● **Work item**:
Your response to the data below should hold nothing except the lines from the one containing "Pulsera negra de cordón con osito y cuentas" down to the one containing "حارس بكأس الخليج", reproduced exactly and without pictures.

● **Records supplied**:
+---+

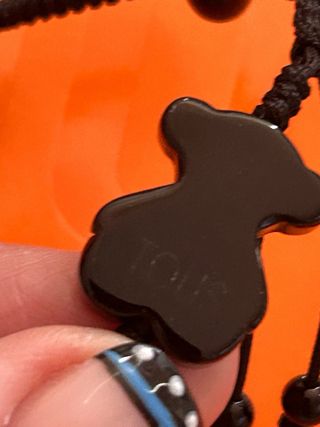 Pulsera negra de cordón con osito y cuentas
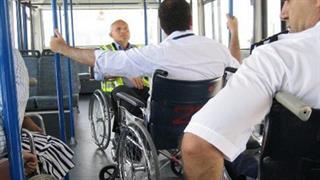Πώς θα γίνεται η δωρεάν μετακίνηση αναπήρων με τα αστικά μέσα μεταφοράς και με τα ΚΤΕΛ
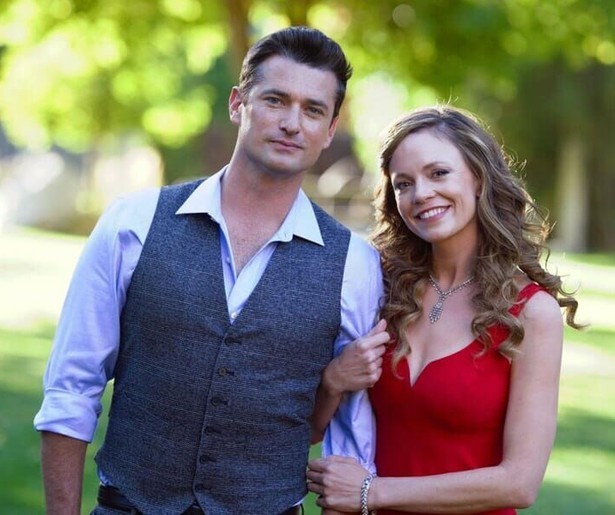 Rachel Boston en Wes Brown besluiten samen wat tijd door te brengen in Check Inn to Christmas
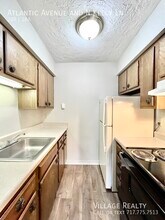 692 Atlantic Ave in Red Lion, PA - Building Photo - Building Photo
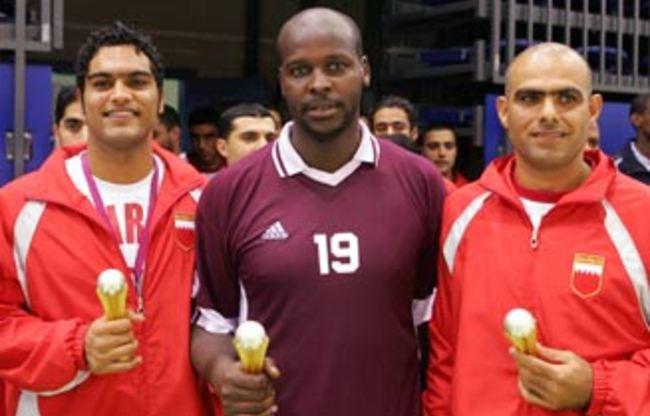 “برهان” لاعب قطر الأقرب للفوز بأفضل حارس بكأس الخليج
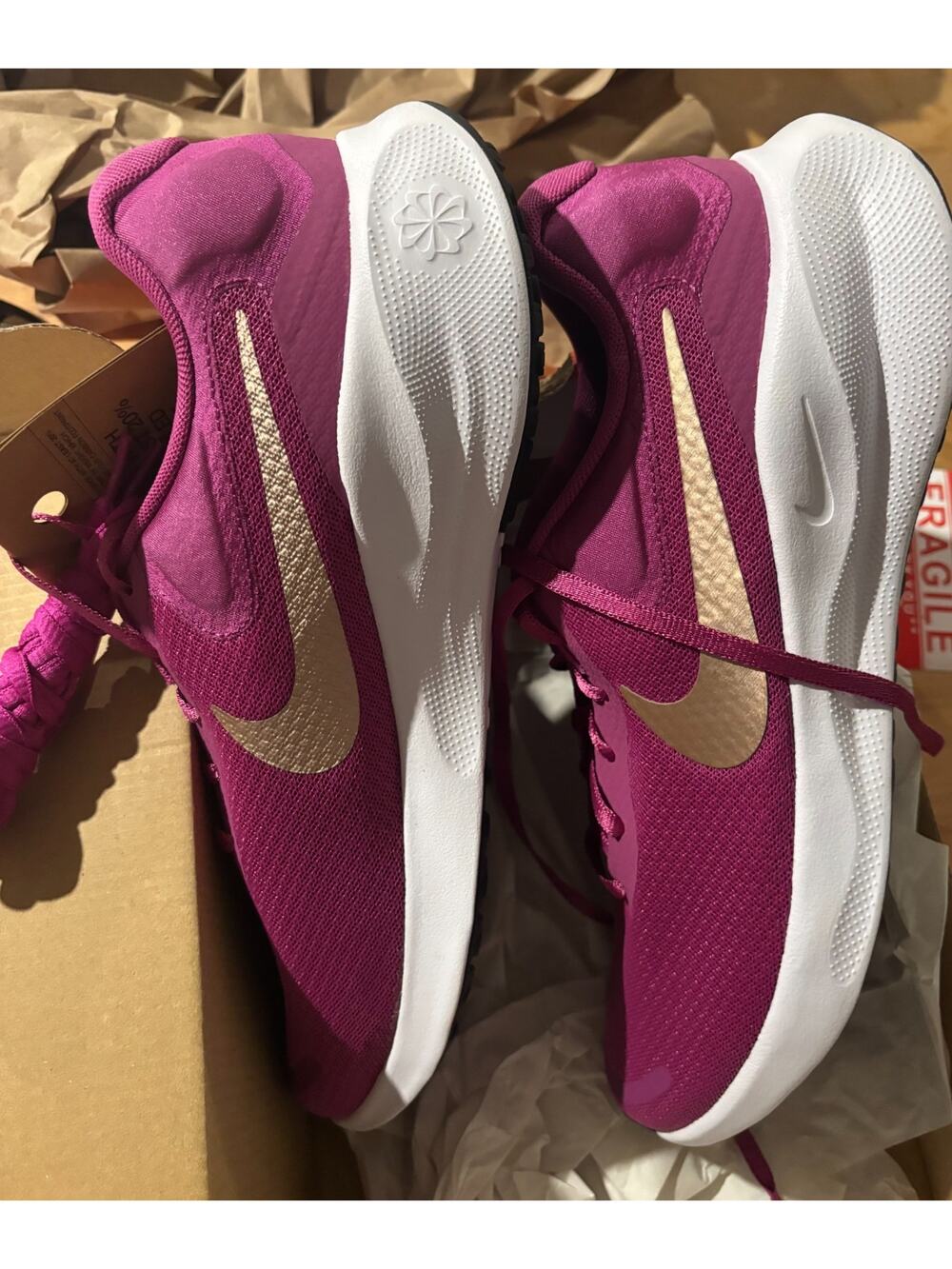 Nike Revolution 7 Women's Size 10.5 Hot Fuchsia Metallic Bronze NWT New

+---+

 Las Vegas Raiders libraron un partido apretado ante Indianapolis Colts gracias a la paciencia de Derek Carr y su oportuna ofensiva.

+---+

● **Response below**:
 Pulsera negra de cordón con osito y cuentas
Πώς θα γίνεται η δωρεάν μετακίνηση αναπήρων με τα αστικά μέσα μεταφοράς και με τα ΚΤΕΛ
 Rachel Boston en Wes Brown besluiten samen wat tijd door te brengen in Check Inn to Christmas
 692 Atlantic Ave in Red Lion, PA - Building Photo - Building Photo
 “برهان” لاعب قطر الأقرب للفوز بأفضل حارس بكأس الخليج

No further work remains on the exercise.